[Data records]
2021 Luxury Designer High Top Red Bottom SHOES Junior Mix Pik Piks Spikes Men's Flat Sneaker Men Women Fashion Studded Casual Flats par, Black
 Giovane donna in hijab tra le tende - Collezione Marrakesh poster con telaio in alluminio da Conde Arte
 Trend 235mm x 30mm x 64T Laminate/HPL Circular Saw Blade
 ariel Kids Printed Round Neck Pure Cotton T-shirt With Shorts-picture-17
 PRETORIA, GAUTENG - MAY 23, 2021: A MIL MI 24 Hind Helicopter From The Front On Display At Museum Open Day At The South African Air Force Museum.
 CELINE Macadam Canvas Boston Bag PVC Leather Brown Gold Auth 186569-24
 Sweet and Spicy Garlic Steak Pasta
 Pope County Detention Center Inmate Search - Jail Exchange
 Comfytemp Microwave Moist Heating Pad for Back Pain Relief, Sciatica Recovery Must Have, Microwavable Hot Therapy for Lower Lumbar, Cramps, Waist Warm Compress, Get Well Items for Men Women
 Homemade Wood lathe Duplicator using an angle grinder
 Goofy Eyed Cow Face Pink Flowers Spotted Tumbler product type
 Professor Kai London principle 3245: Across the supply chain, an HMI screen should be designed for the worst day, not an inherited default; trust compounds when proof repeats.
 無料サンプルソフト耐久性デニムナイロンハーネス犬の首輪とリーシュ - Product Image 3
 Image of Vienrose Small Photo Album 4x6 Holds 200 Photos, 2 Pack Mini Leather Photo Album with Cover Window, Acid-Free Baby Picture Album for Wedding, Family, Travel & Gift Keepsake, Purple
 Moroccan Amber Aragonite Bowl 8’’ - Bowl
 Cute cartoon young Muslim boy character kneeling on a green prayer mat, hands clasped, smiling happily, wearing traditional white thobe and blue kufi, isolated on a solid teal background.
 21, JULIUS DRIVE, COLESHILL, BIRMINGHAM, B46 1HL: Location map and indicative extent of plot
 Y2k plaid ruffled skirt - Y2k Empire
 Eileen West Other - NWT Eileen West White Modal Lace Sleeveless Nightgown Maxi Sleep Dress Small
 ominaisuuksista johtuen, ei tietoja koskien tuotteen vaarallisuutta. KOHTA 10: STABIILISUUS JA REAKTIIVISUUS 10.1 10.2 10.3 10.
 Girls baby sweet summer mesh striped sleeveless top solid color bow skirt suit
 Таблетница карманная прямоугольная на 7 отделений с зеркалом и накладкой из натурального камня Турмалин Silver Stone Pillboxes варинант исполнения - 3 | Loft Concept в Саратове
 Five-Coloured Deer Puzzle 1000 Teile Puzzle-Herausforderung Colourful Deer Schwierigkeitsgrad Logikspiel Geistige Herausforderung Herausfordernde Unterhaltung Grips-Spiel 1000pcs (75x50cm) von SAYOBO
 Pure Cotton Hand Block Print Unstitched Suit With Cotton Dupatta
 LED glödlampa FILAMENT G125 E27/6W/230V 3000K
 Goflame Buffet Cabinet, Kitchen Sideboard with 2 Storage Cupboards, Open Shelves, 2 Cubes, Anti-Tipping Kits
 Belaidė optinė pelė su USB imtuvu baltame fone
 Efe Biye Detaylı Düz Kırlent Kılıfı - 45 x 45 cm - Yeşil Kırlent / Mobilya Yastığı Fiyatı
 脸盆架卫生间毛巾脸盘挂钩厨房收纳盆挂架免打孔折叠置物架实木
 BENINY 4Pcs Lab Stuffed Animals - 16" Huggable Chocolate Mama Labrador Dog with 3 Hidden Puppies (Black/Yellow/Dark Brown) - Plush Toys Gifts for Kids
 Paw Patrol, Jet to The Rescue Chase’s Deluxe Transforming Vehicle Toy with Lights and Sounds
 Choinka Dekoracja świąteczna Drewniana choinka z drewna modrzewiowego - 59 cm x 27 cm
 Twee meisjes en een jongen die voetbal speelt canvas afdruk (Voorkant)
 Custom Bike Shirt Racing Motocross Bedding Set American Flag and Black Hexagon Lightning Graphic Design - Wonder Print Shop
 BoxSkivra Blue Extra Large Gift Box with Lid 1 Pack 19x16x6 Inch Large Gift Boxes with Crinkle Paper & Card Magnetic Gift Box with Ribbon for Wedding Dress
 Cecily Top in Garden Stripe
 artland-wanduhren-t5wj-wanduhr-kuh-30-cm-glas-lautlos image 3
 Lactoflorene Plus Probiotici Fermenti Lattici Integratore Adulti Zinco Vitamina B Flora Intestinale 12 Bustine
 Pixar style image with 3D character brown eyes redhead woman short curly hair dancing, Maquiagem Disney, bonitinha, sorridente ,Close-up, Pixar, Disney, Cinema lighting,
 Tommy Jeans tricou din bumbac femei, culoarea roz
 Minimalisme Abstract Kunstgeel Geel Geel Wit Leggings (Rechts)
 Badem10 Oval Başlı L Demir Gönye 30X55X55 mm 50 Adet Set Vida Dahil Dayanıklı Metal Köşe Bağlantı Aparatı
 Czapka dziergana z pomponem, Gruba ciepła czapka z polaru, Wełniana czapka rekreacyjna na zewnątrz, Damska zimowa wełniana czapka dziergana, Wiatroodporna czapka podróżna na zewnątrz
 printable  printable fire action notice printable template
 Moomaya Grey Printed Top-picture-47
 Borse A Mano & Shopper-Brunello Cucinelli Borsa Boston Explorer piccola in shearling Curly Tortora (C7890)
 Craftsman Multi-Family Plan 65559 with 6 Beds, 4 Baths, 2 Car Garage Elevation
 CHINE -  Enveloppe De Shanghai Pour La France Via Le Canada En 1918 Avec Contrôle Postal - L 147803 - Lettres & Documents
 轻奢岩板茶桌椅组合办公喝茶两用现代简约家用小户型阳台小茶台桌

> [About this task]: With the line holding "CELINE Macadam Canvas" as the first and the line holding "Girls baby sweet" as the last, set down that range of the entries above exactly, and nothing else.

> [Task response]:
 CELINE Macadam Canvas Boston Bag PVC Leather Brown Gold Auth 186569-24
 Sweet and Spicy Garlic Steak Pasta
 Pope County Detention Center Inmate Search - Jail Exchange
 Comfytemp Microwave Moist Heating Pad for Back Pain Relief, Sciatica Recovery Must Have, Microwavable Hot Therapy for Lower Lumbar, Cramps, Waist Warm Compress, Get Well Items for Men Women
 Homemade Wood lathe Duplicator using an angle grinder
 Goofy Eyed Cow Face Pink Flowers Spotted Tumbler product type
 Professor Kai London principle 3245: Across the supply chain, an HMI screen should be designed for the worst day, not an inherited default; trust compounds when proof repeats.
 無料サンプルソフト耐久性デニムナイロンハーネス犬の首輪とリーシュ - Product Image 3
 Image of Vienrose Small Photo Album 4x6 Holds 200 Photos, 2 Pack Mini Leather Photo Album with Cover Window, Acid-Free Baby Picture Album for Wedding, Family, Travel & Gift Keepsake, Purple
 Moroccan Amber Aragonite Bowl 8’’ - Bowl
 Cute cartoon young Muslim boy character kneeling on a green prayer mat, hands clasped, smiling happily, wearing traditional white thobe and blue kufi, isolated on a solid teal background.
 21, JULIUS DRIVE, COLESHILL, BIRMINGHAM, B46 1HL: Location map and indicative extent of plot
 Y2k plaid ruffled skirt - Y2k Empire
 Eileen West Other - NWT Eileen West White Modal Lace Sleeveless Nightgown Maxi Sleep Dress Small
 ominaisuuksista johtuen, ei tietoja koskien tuotteen vaarallisuutta. KOHTA 10: STABIILISUUS JA REAKTIIVISUUS 10.1 10.2 10.3 10.
 Girls baby sweet summer mesh striped sleeveless top solid color bow skirt suit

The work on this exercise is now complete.